[Opening Entries shown section]
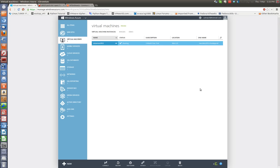Hello, this is Merv. In this video I will show you how to mount an NFS share exported on a Windows 2012 server hosted on Windows Azure through NFS version 4.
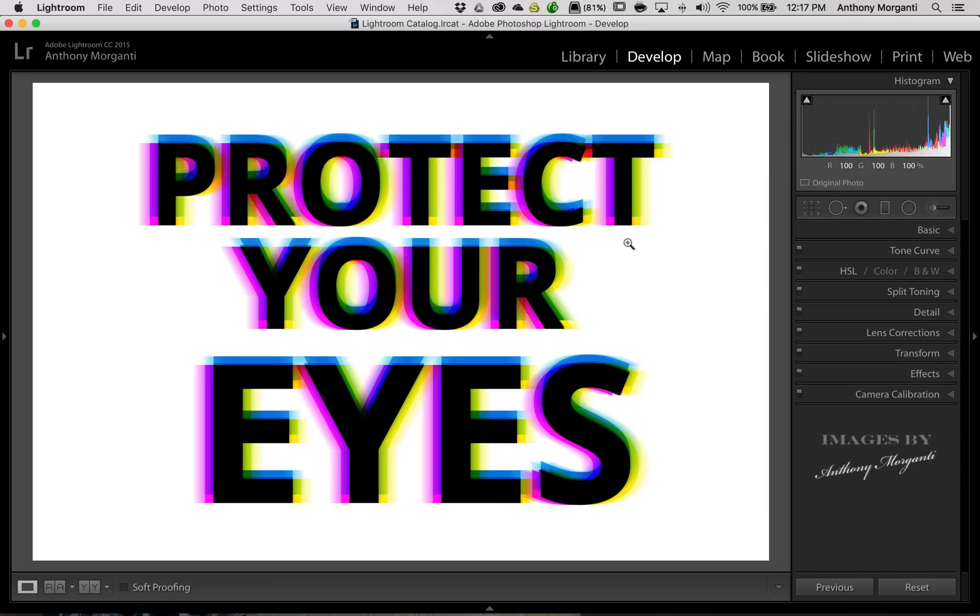You're supposed to have all three of the colors, red, green, and blue, all focused right on the exact letters that they're meant to depict, but they're fringing. They're not falling on top of one another in the proper way. So you get this chromatic aberration.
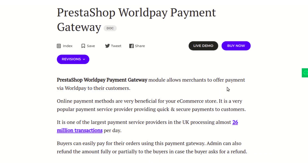Hello everyone and welcome to this video tutorial of PrestaShop Worldpay Payment Gateway module. In this video I'll explain the process to configure the module and show you how, using this module, you can provide the Worldpay payment method to your customers so that they can use it to pay for their orders.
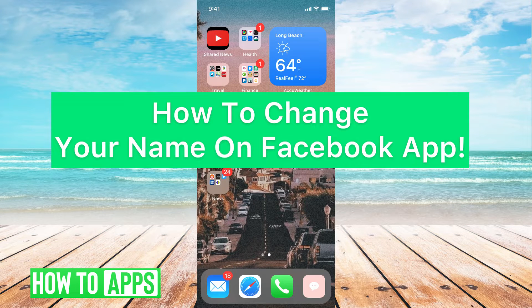Hey guys, it's Mikayla, and today I'm going to walk you through how to change your name on the Facebook app. It's pretty quick and simple, so let's jump in.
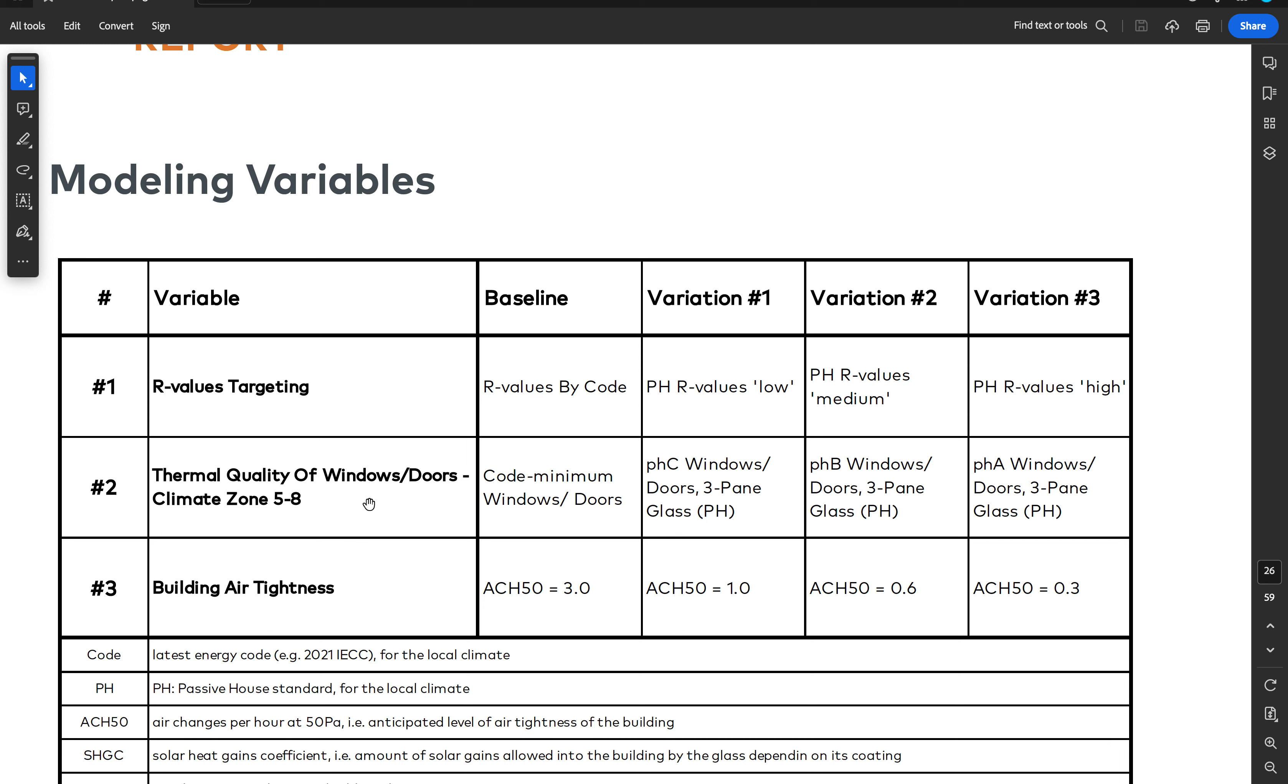We looked at different levels of performance of windows from code minimum to C, B, and A grade triple pane, and then we looked at the performance we will get with different levels of airtightness.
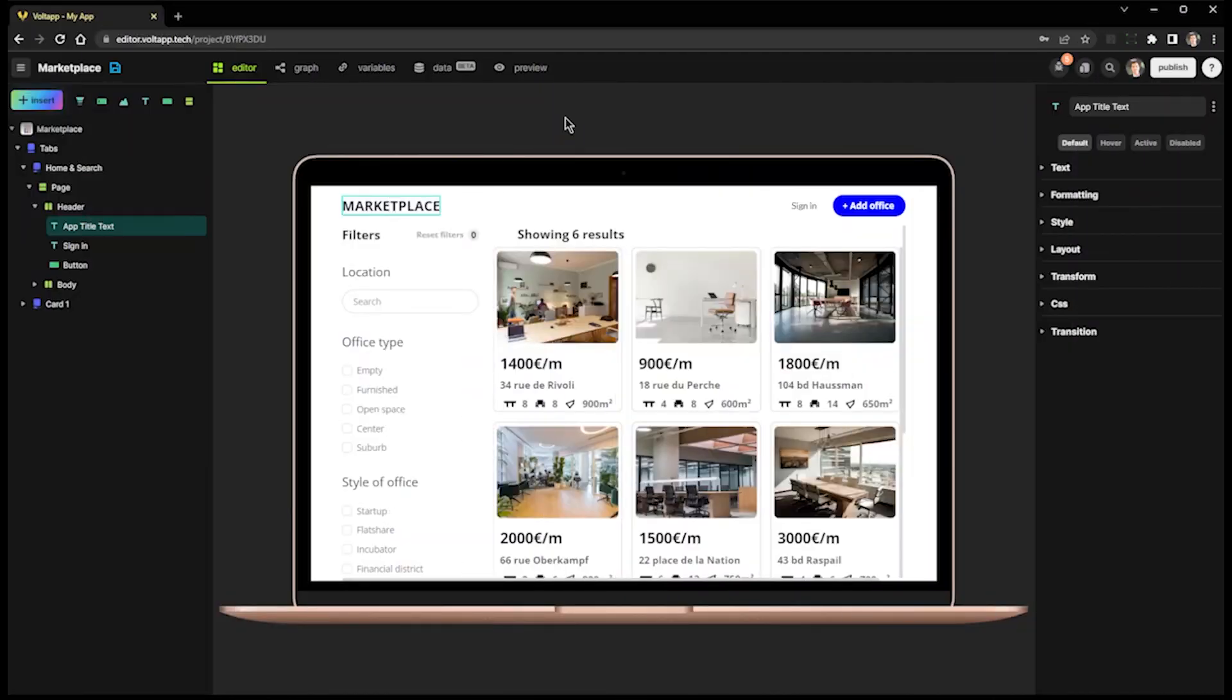In this video, we're going to see the new features of Vault-Up version 1.2. In the left menu at the top, you'll see a new button has appeared: Insert.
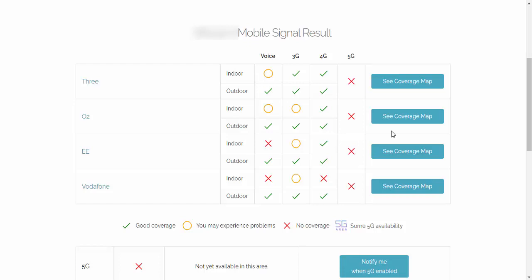So in this case, indoors and outdoors on Three, I should be getting a good signal coverage for 3G. On O2 indoors, probably not, but outdoors should get good coverage. And the same applies to EE and Vodafone as O2. Not very good coverage indoors, but good coverage outdoors.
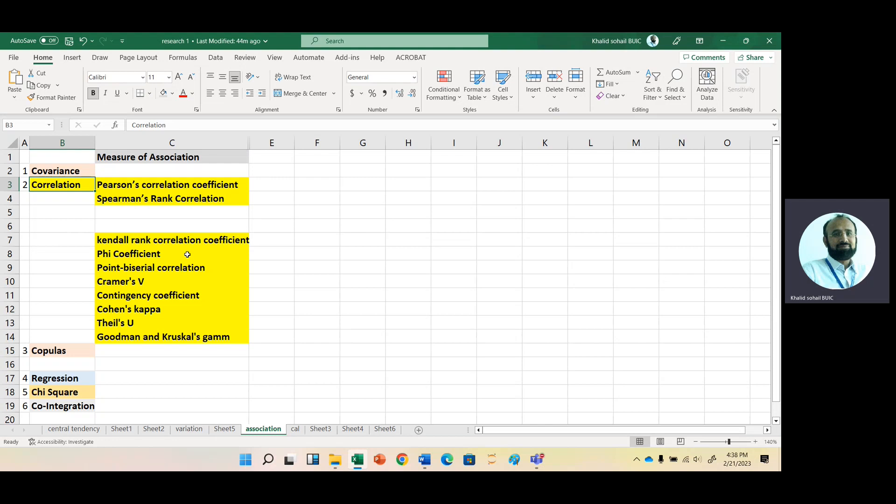Then the third category — we have Copulas. Copulas basically enable the modeling of nonlinear and non-standard correlation relationships. They provide a framework for modeling the dependence structure between multiple variables, including nonlinear and asymmetric relationships. Copulas are also used to study the tails of distributions.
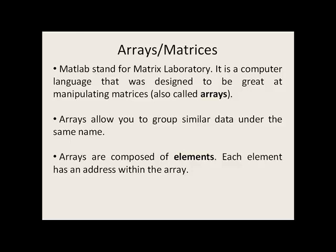MATLAB stands for Matrix Laboratory, and it's a computer language that really was designed to be great at manipulating matrices, also called arrays.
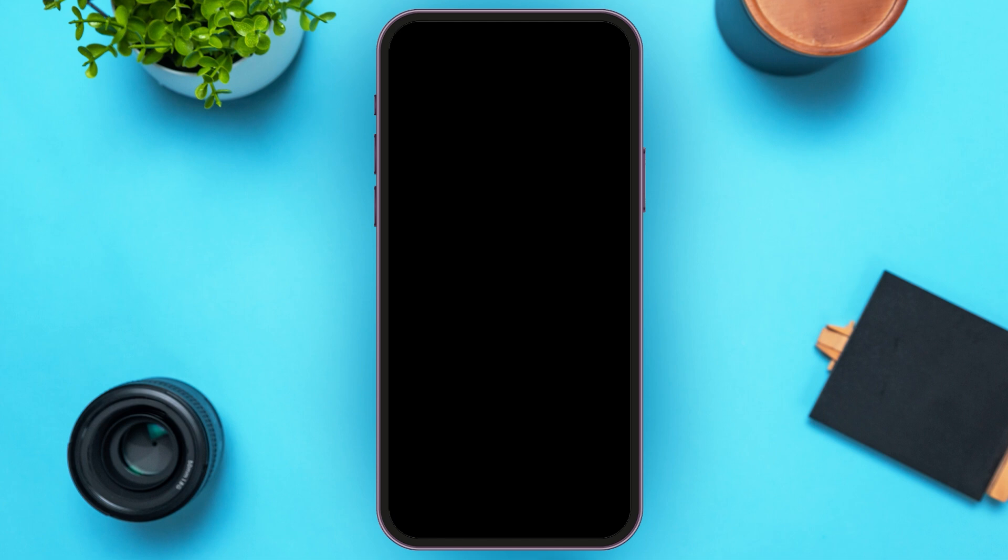First of all, make sure you log into your account. Now on the interface, you'll be able to see a plus icon at the bottom right corner. All you have to do is tap on it.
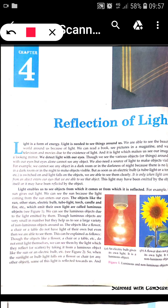Good morning class. Welcome to the physics online classes for class 10. In today's class we will be learning about a new chapter named light reflection and refraction. From the name itself it is clear that we are going to learn about light and its phenomena — reflection and refraction. In this session we are going to cover the first phenomenon, that is the reflection of light.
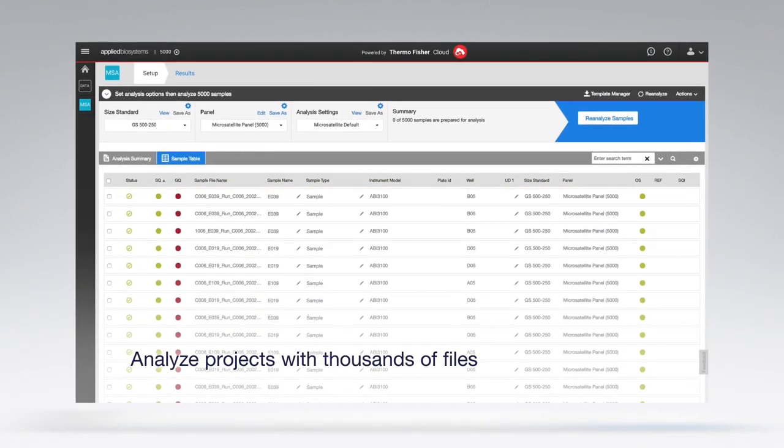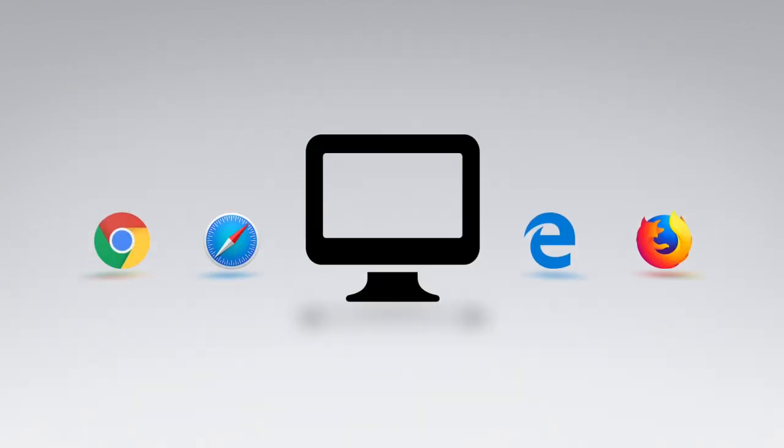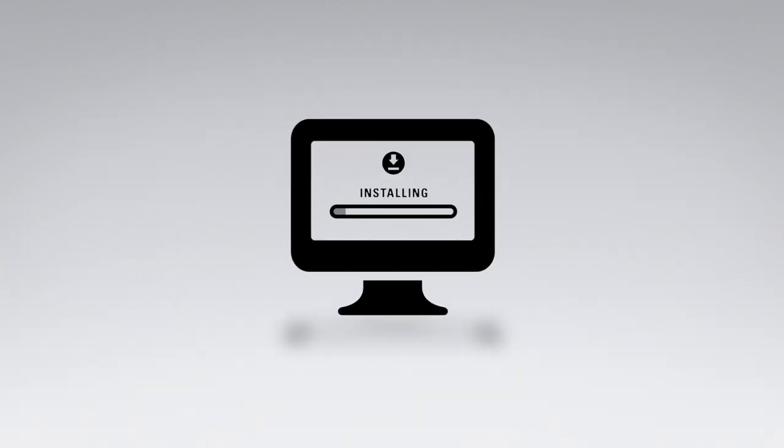This easy to use and intuitive software runs on any computer with a modern browser. There's no need to install software on your computer.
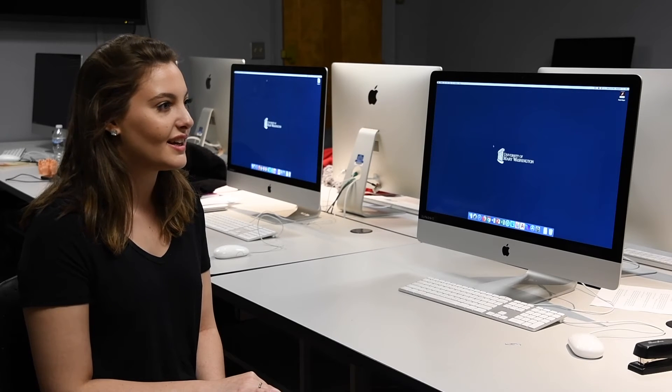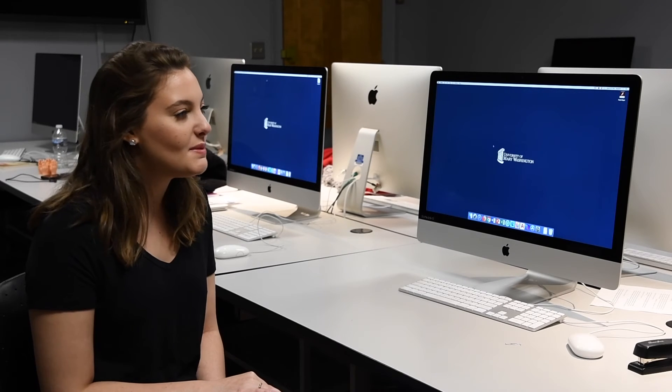And I went up to Kate after class and I was like, I want you to be my advisor. I want to major in this. This is all I want to do. And now I'm a double major.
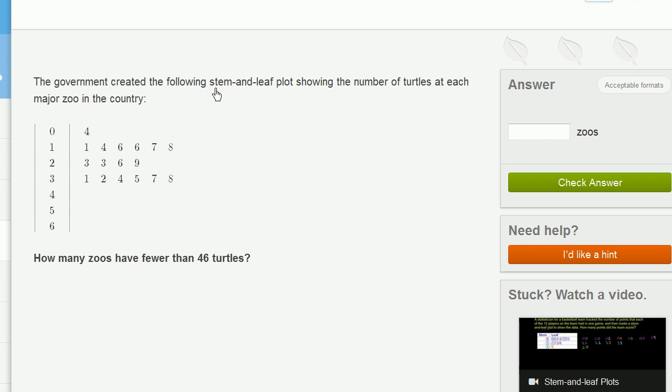The government created the following stem and leaf plot showing the number of turtles at each major zoo in the country. How many zoos have fewer than 46 turtles?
[Closing Entries shown section]
§ Your objective
Output only the lines above from the one containing "This easy to" to the one containing "And I went up", both included, exactly as written and with no pictures.

§ Solution for this task
This easy to use and intuitive software runs on any computer with a modern browser. There's no need to install software on your computer.
And I went up to Kate after class and I was like, I want you to be my advisor. I want to major in this. This is all I want to do. And now I'm a double major.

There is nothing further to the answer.